**PROBLEM STATEMENT:** Each line from the one with "PinkFlash - Lasting" through the last line below must be written out exactly. Do not copy pictures.

*** Opening of MATERIAL PROVIDED ***

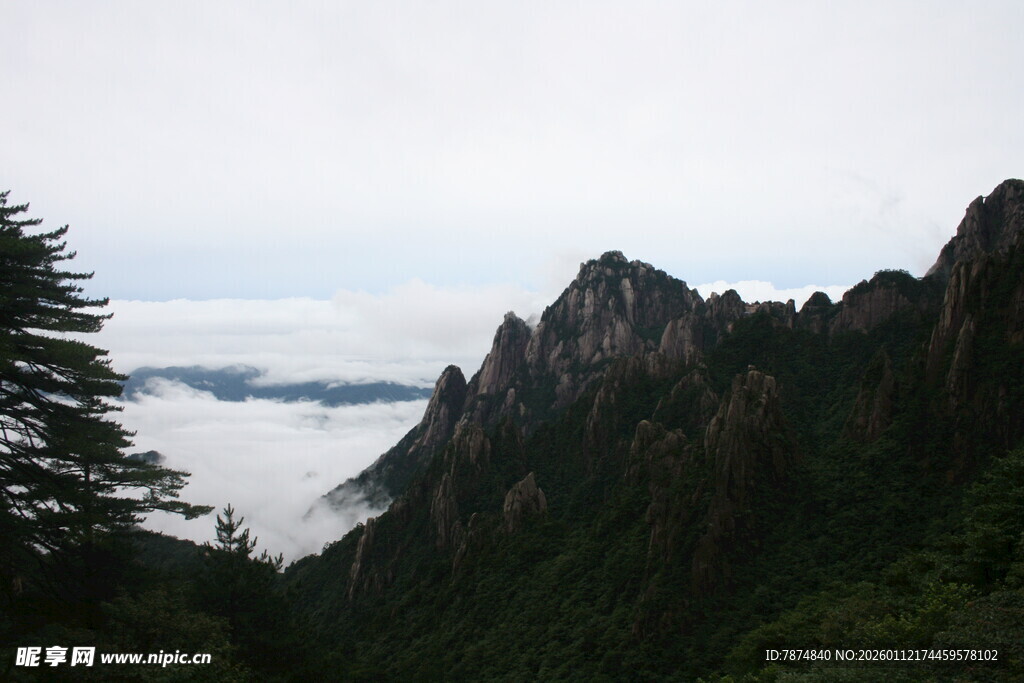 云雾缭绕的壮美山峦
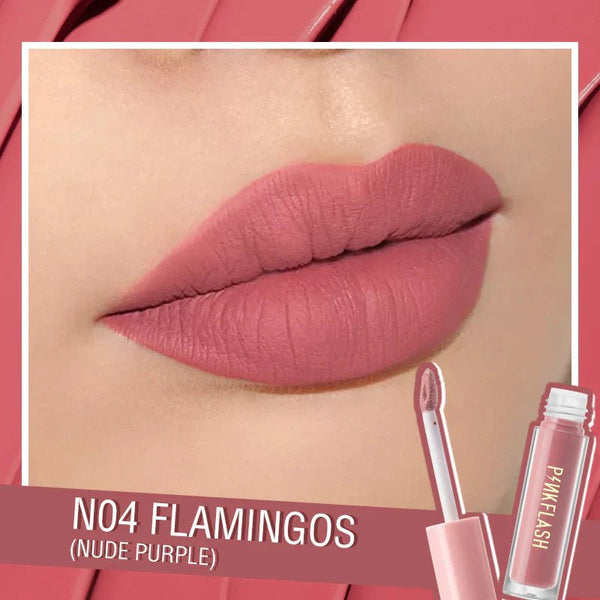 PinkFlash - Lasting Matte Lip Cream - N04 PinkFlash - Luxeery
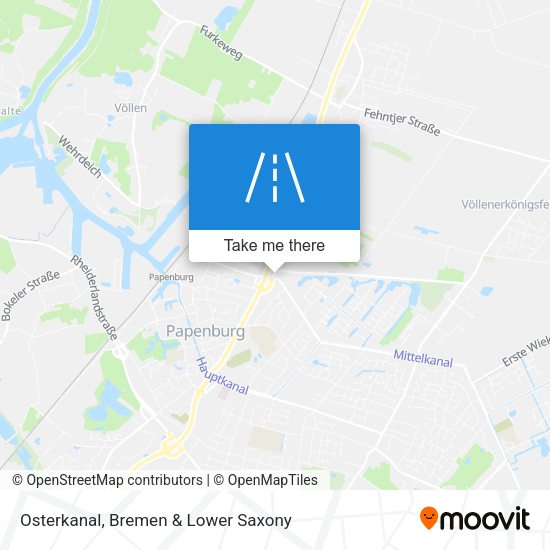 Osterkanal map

*** Close of MATERIAL PROVIDED ***

**SOLUTION TO THE PROBLEM:**
 PinkFlash - Lasting Matte Lip Cream - N04 PinkFlash - Luxeery
 Osterkanal map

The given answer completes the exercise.